Not limited to video generation, one-stop AI video generation + editing + UGC creation from AI generation to AI workflow is expected to become the core development direction of the industry. Currently, most AI + video is used for creative content generation, with little direct use for ToB commercialization. Looking back at the reasons, firstly, the consistency of the characters generated in the video, the required length of time, and the quality of the picture do not yet meet the immediate commercialization standards. Secondly, we found that the mainstream AI video tools are still in the competition stage of video generation, and most of them are single-function products. After video generation, many detailed functions such as accurate prompt word generation, editing video clips, adding subtitles, generating scripts, transitioning, and adding background music have not yet been integrated. Therefore, at this stage, multiple different video creation tools need to be used in combination to achieve the effect of directly outputting commercialized videos. The process is tedious, and there may be compatibility issues between multiple tools, which brings inconvenience to users. Therefore, we believe that it is necessary to continue to pay attention to enterprises that can provide one-stop video generation + editing and other functions, understand user pain points, polish product details, and truly use technology for production work, entertainment, and many other aspects to bring potential space for commercialization and monetization.

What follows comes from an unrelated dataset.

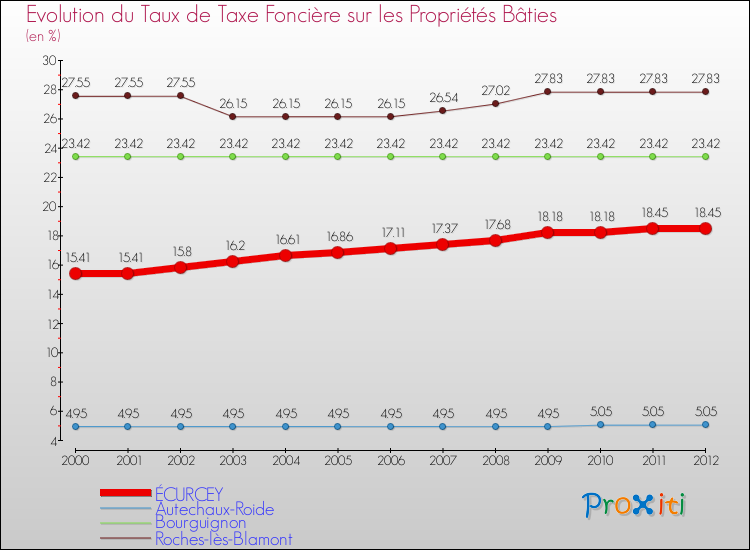 Evolution du taux de la taxe foncière sur le bati pour ÉCURCEY et les communes proches de 2000 à 2012 Comparaison des taux de taxe foncière sur le bati pour ÉCURCEY et les communes voisines de 2000 à 2012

With the advent of the AI+ video era, which types of companies are likely to have commercial possibilities? According to Cinda Securities, they include: 1) One-stop platform-type companies, such as Adobe and Meitu; 2) AI+ video technology head service providers transformed into product-type companies, such as Runway and SenseTime; 3) Video editing companies, such as Kuaishou; 4) Advertising and marketing companies, such as Yidian Tianxia, BlueFocus Intelligent Communications Group, Guangdong Insight Brand Marketing Group, and Leo Group Co.,Ltd.; 5) UGC community companies, such as Bilibili; 6) Video data companies, such as Beijing Jetsen Technology, Zhejiang Huace Film & TV, Visual China Group, and TVZone Media; 7) IP companies, such as Shanghai Film, China Lit, Zhejiang Jinke Tom Culture Industry, Col Group Co.,Ltd., Guomai Culture; 8) Companies exploring AI video workflow and other creative directions, such as Bona Film Group, Super Telecom, and Ningmeng Film and Television; 9) Other recommended companies to pay attention to include Maoyan Entertainment, Beijing Enlight Media, Mango Excellent Media, and Wanda Film Holding.
Risk factors: The development of AI big models at the bottom layer may not meet expectations; AI video technology iterations may not meet expectations; and the penetration rate of AI video product payments may not increase as expected.